From the line that holds "Negozi sfitti in" to the last line below, retype everything exactly and nothing else; omit pictures.

(Data shown begins)

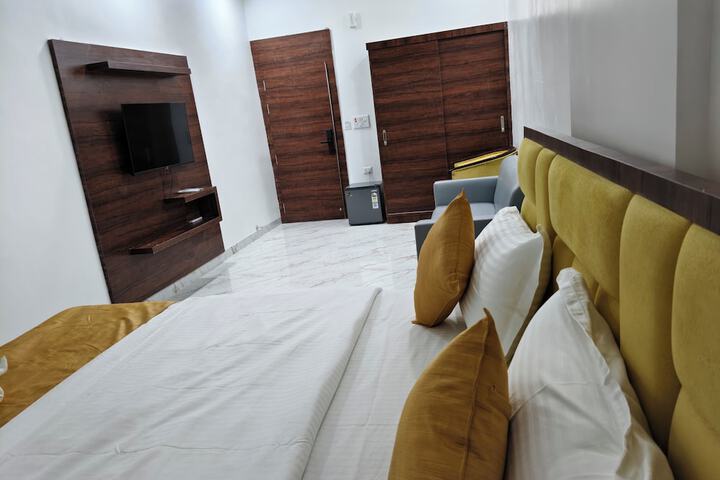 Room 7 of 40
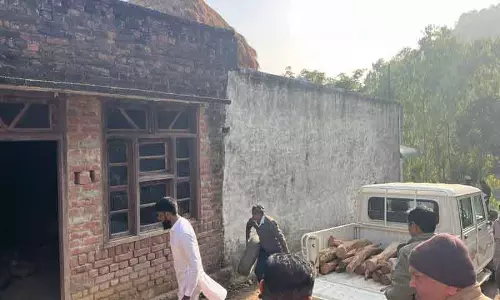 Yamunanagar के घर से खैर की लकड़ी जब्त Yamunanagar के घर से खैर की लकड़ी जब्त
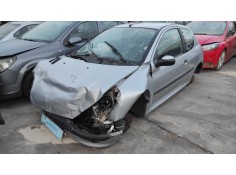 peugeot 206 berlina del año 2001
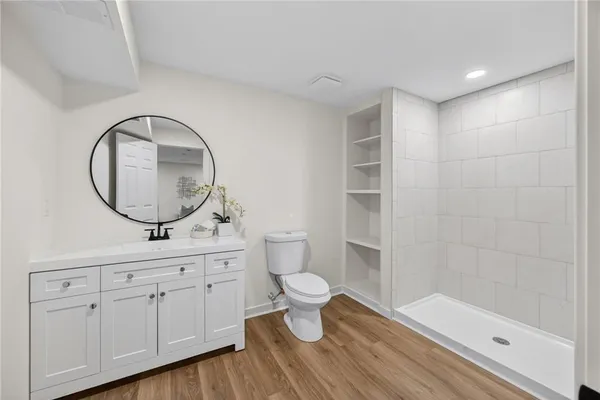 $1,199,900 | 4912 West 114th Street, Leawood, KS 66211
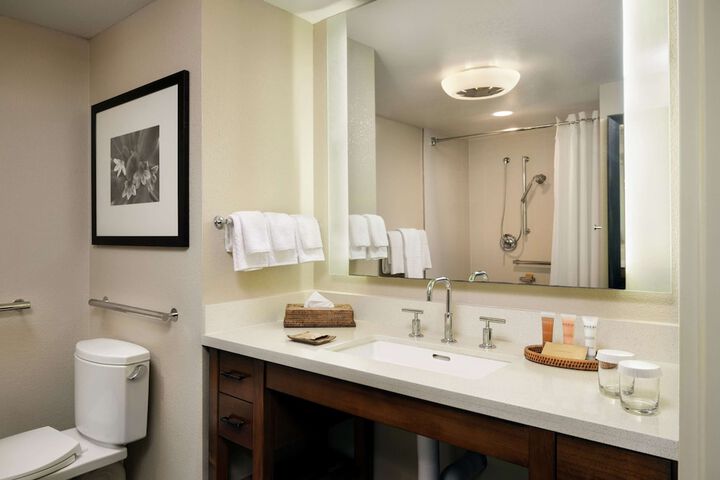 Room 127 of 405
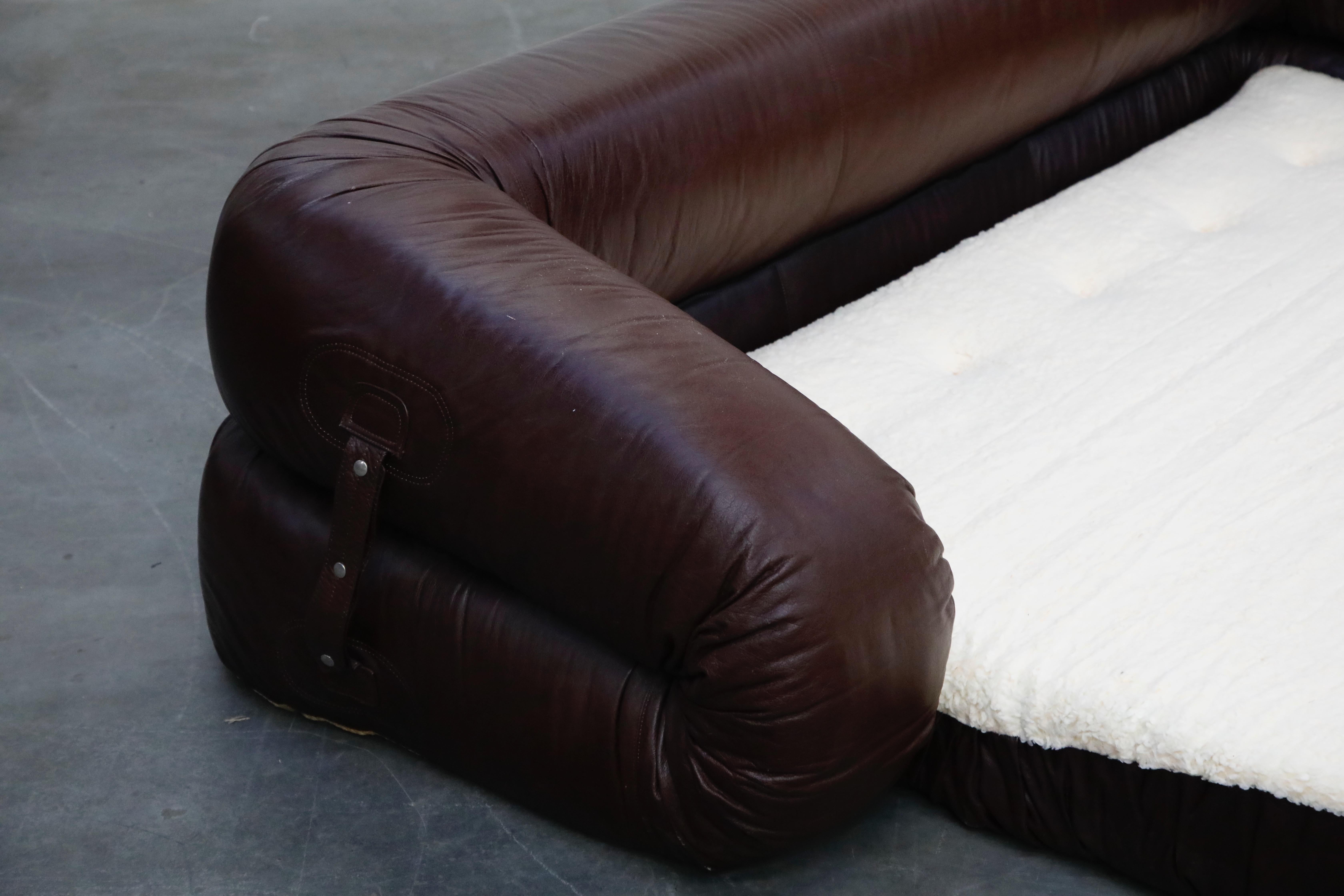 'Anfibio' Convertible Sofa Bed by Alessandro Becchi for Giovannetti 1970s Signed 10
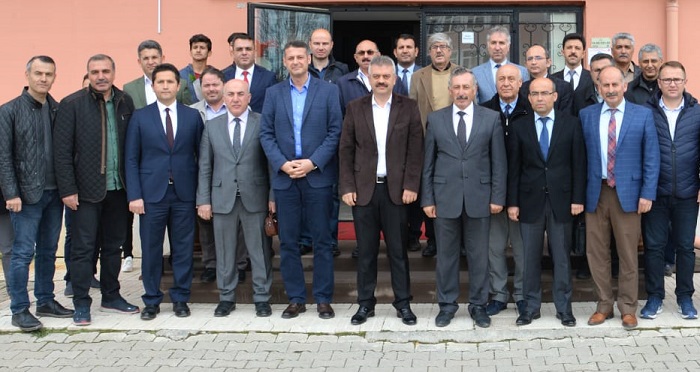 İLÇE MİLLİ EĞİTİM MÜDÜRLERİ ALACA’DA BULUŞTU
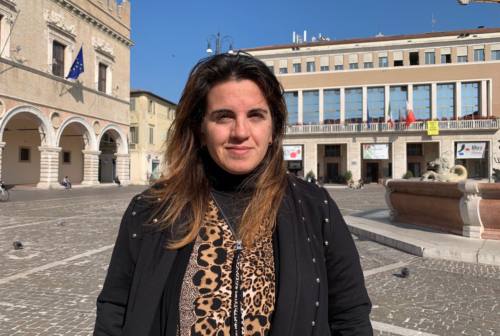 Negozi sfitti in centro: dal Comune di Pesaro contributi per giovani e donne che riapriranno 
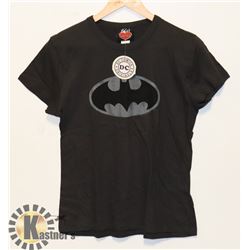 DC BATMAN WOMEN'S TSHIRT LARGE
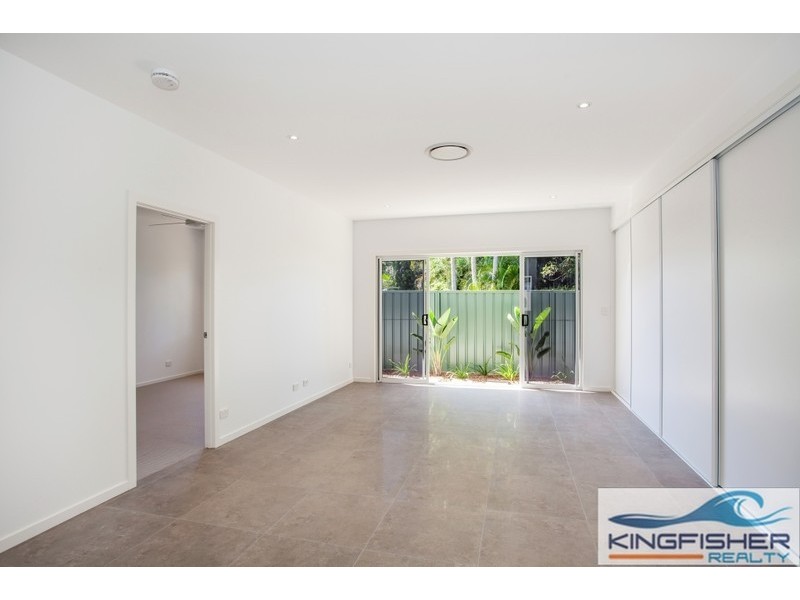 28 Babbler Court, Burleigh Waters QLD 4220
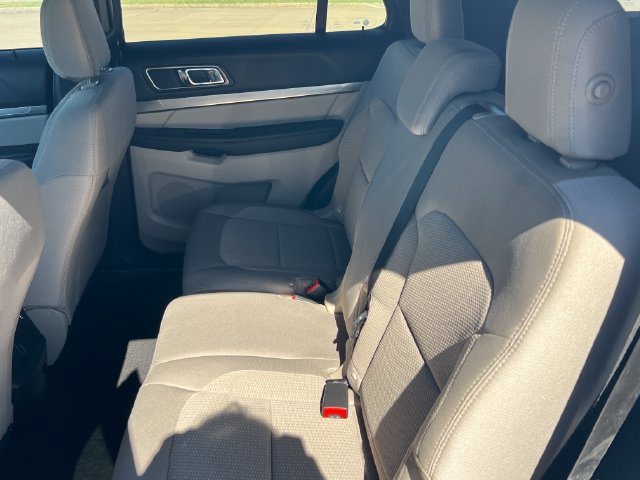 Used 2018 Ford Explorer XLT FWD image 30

(Data shown ends)

Answer section:
 Negozi sfitti in centro: dal Comune di Pesaro contributi per giovani e donne che riapriranno 
 DC BATMAN WOMEN'S TSHIRT LARGE
 28 Babbler Court, Burleigh Waters QLD 4220
 Used 2018 Ford Explorer XLT FWD image 30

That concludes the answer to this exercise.